No hash join across partitioned tables?

Started by Kris Jurkaabout 17 years ago43 messageshackers

books@ejurka.com

about 17 years ago

PG (8.3.7) doesn't seem to want to do a hash join across two partitioned
tables.
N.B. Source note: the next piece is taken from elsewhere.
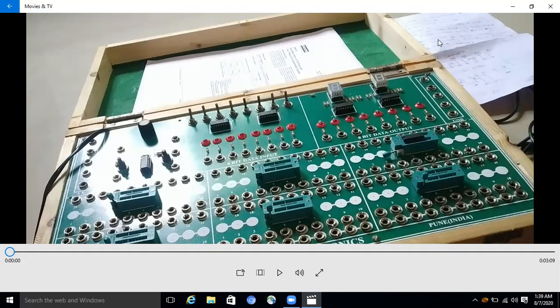Connection diagram and datasheet of IC7490 is attached in the description box. So here we discuss the connection of the mod10 counter.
I have two partition hierarchies: impounds (with different
impound sources) and liens (with vehicle liens from different companies).
Trying to match those up gives:

EXPLAIN SELECT COUNT(*)
FROM impounds i
JOIN liens l ON (i.vin = l.vin);

Aggregate (cost=11164042.66..11164042.67 rows=1 width=0)
-> Nested Loop (cost=0.27..3420012.94 rows=3097611886 width=0)
Join Filter: ((i.vin)::text = (l.vin)::text)
-> Append (cost=0.00..1072.77 rows=33577 width=21)
-> Seq Scan on impounds i (cost=0.00..11.40 rows=140 width=21)
-> Seq Scan on impounds_s1 i (cost=0.00..926.87 rows=29587 width=18)
-> Seq Scan on impounds_s2 i (cost=0.00..99.96 rows=3296 width=18)
-> Seq Scan on impounds_s3 i (cost=0.00..23.14 rows=414 width=18)
-> Seq Scan on impounds_s4 i (cost=0.00..11.40 rows=140 width=21)
-> Append (cost=0.27..101.64 rows=15 width=21)
-> Bitmap Heap Scan on liens l (cost=0.27..5.60 rows=2 width=21)
Recheck Cond: ((l.vin)::text = (i.vin)::text)
-> Bitmap Index Scan on liens_pk (cost=0.00..0.27 rows=2 width=0)
Index Cond: ((l.vin)::text = (i.vin)::text)
-> Index Scan using liens_s1_pk on liens_s1 l (cost=0.00..7.02 rows=1 width=18)
Index Cond: ((l.vin)::text = (i.vin)::text)
-> Index Scan using liens_s2_pk on liens_s2 l (cost=0.00..3.47 rows=1 width=21)
Index Cond: ((l.vin)::text = (i.vin)::text)
-> Index Scan using newliens_s3_pk on liens_s3 l (cost=0.00..7.52 rows=1 width=18)
Index Cond: ((l.vin)::text = (i.vin)::text)
-> Index Scan using newliens_s4_pk on liens_s4 l (cost=0.00..7.67 rows=1 width=18)
Index Cond: ((l.vin)::text = (i.vin)::text)
-> Index Scan using newliens_s5_pk on liens_s5 l (cost=0.00..7.62 rows=1 width=18)
Index Cond: ((l.vin)::text = (i.vin)::text)
-> Index Scan using newliens_s6_pk on liens_s6 l (cost=0.00..7.61 rows=1 width=18)
Index Cond: ((l.vin)::text = (i.vin)::text)
-> Index Scan using newliens_s7_pk on liens_s7 l (cost=0.00..7.50 rows=1 width=18)
Index Cond: ((l.vin)::text = (i.vin)::text)
-> Index Scan using newliens_s8_pk on liens_s8 l (cost=0.00..7.36 rows=1 width=18)
Index Cond: ((l.vin)::text = (i.vin)::text)
-> Index Scan using newliens_s9_pk on liens_s9 l (cost=0.00..7.43 rows=1 width=18)
Index Cond: ((l.vin)::text = (i.vin)::text)
-> Index Scan using newliens_s10_pk on liens_s10 l (cost=0.00..7.79 rows=1 width=18)
Index Cond: ((l.vin)::text = (i.vin)::text)
-> Index Scan using newliens_s11_pk on liens_s11 l (cost=0.00..8.07 rows=1 width=18)
Index Cond: ((l.vin)::text = (i.vin)::text)
-> Index Scan using newliens_s12_pk on liens_s12 l (cost=0.00..8.45 rows=1 width=18)
Index Cond: ((l.vin)::text = (i.vin)::text)
-> Index Scan using newliens_s13_pk on liens_s13 l (cost=0.00..8.53 rows=1 width=18)
Index Cond: ((l.vin)::text = (i.vin)::text)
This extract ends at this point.